Sea verdad o leyenda, uno recuerda en estos días tan convulsos la frase que se atribuye a Otto von Bismarck cuando decía que España era la nación más fuerte de Europa porque los españoles siempre estábamos intentando autodestruirnos y nunca lo habíamos conseguido. De la coda «El día que dejen de intentarlo, volverán a ser la vanguardia del mundo», ya no respondo, entre otras razones porque, siendo como era, dudo que el Canciller de Hierro, más allá de un ejercicio de ironía, pudiese hacer tal elogio de otra nación que no fuese la suya, Alemania.

La cuestión es que nos encontramos en uno de esos períodos autodestructivos tan frecuentes en España, viviendo una distopía que nadie sabe cómo acabará y sin conocer siquiera si alguna vez tendrá fin.

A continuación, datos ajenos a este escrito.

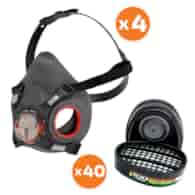 Zestaw wielogazowy półmaska Force8 L (4szt) + pochłaniacz ABEK1 (40szt) - JSP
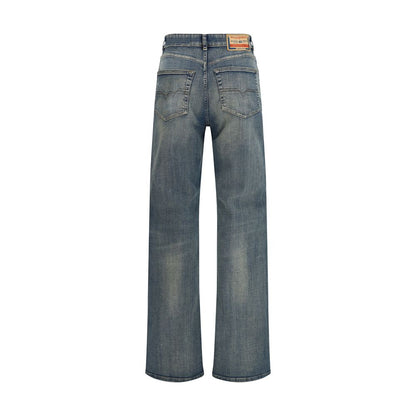 Blue Cotton Straight-Leg Jeans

Nos corroe la incertidumbre –«Tengo tanto miedo a que pase algo como a que todo siga igual», reflexiona El Roto en una genial viñeta– y la utopía ha desaparecido de nuestra sociedad incluso como resorte para seguir avanzando que, como decía Galeano, era su razón de ser.

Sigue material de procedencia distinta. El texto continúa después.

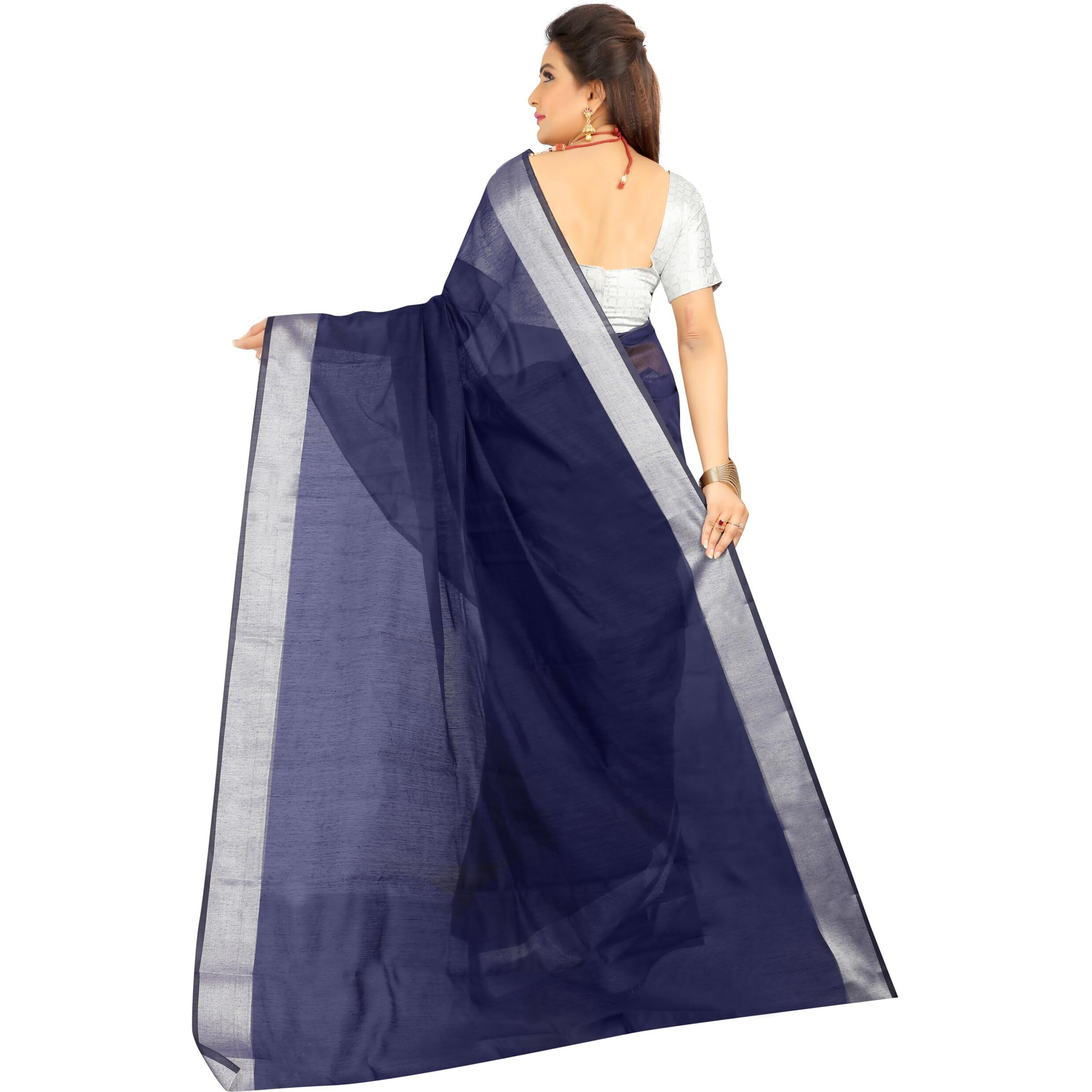 Indian Fashionista Stylish Cotton Silk Casual Wear Saree With Unstitched Blouse For Women (Plainblue)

Como un servidor no cree mucho en los sondeos electorales, me he parado en los problemas que, según el barómetro, más preocupan e inquietan a los españoles

Cuento esto porque, como dicen en mi Úbeda natal, me he quedado traspuesto al leer/analizar el último barómetro del CIS, un organismo dirigido por el criticado señor Tezanos. Y no me refiero estrictamente al sondeo electoral de septiembre de 2019 que, como siempre, escudriñarán y comentarán, con más o menos sesgo, las legiones de todólogos, opinadores y analistas que predican cada día desde periódicos, digitales, revistas, cadenas de televisión y emisoras de radio. Como un servidor no cree mucho en los sondeos electorales, me he parado en los problemas que, según el barómetro, más preocupan e inquietan a los españoles: como siempre, el paro supone el principal de todos ellos, acompañado de la corrupción y el fraude, un pedazo de lacra que, como el que no quiere la cosa –y gracias a la poca vergüenza y a la mangancia de muchos políticos y de otros que no lo son–, se nos ha enquistado hasta formar parte «naturalmente» de nuestra existencia, haciéndonos olvidar la dignidad, nuestra dignidad como personas, «lo que estorba y lo que resiste a todo, incluido el interés general y el bien común», según nos advierte Javier Gomá.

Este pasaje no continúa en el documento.